Pero, entre todo ello, lo que peor llevo es que alguien me anime para que me
desprenda de mi vieja bañera, algo que siempre estuvo presente en casa de mis abuelos
y de mis padres de la misma manera que estuvo el bidé, la calefacción, el
teléfono negro colgado en la pared, la mesa camilla para merendar en la
atardecida, los “Episodios Nacionales” de
Galdós, algunas novelas del Alberto Insúa, una vieja máquina de
liar pitillos, el taco de calendario, una radio de válvulas para escuchar el “parte”

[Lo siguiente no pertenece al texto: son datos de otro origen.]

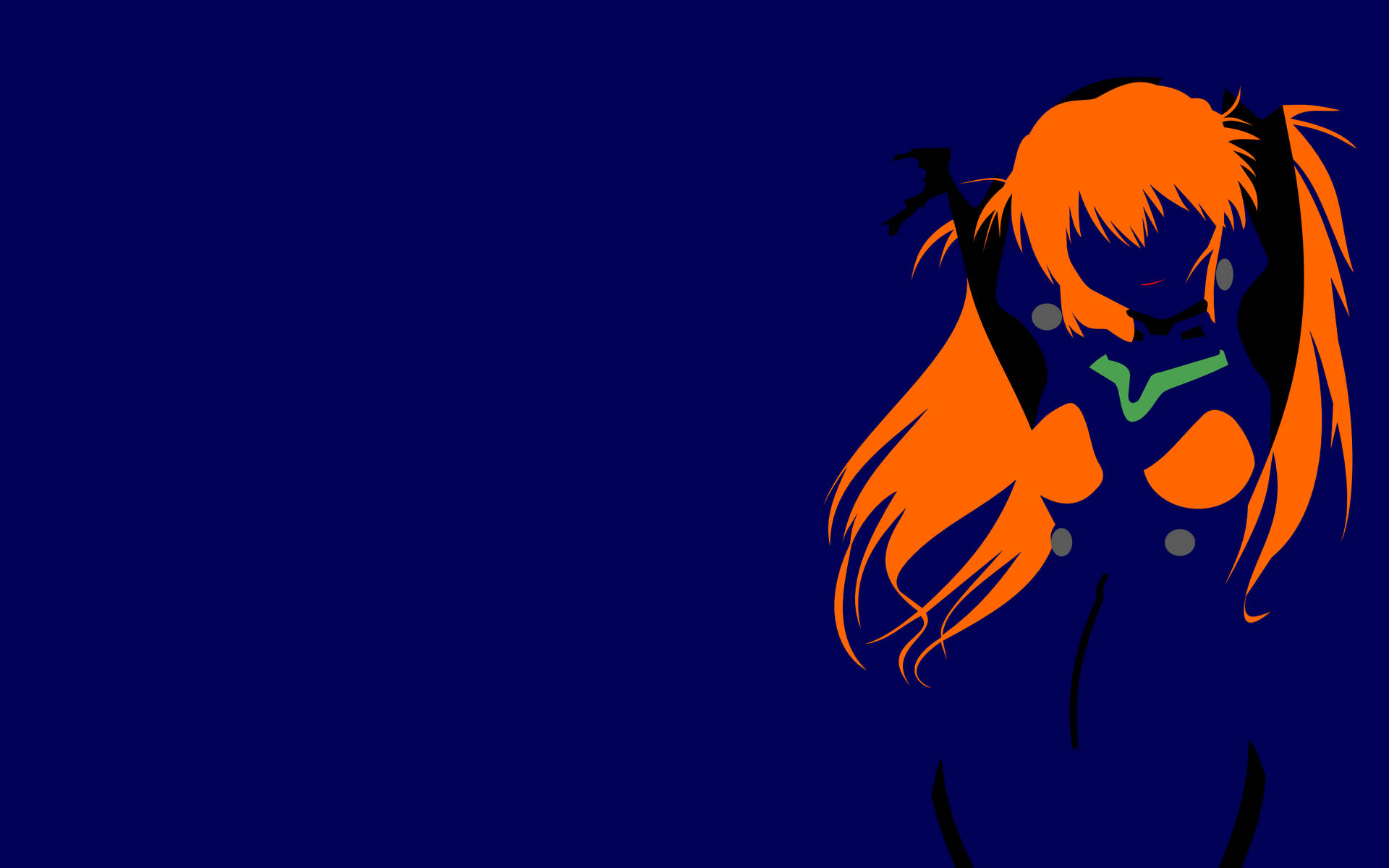 Orange Blue Asuka Neon Genesis Evangelion Background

y el último número del diario ABC “verdadero”,
como diría Luis María Anson, cuando su apellido
llevaba acento en la “o”, que era como una lámpara de techo que alumbraba el
cuarto de estar de sus ideas. La bañera llenó muchas viñetas del TBO, donde llegó a ser un tópico aquel tipo gafado que resbalaba
en la pastilla de jabón con el resultado de un tremendo chichón en el
colodrillo, algo que también ocurría en los dibujos de Estebita y Orbegozo en
el suplemento “Gente menuda” de la
revista “Blanco y Negro”, que leían en sus casas los niños que disponían de bañera, calefacción, agua caliente, rezaban al acostarse al Angel de la Guarda y hacían la primera comunión vestidos de marinerito blanco.No, la bañera no se quita. Seguro, oiga.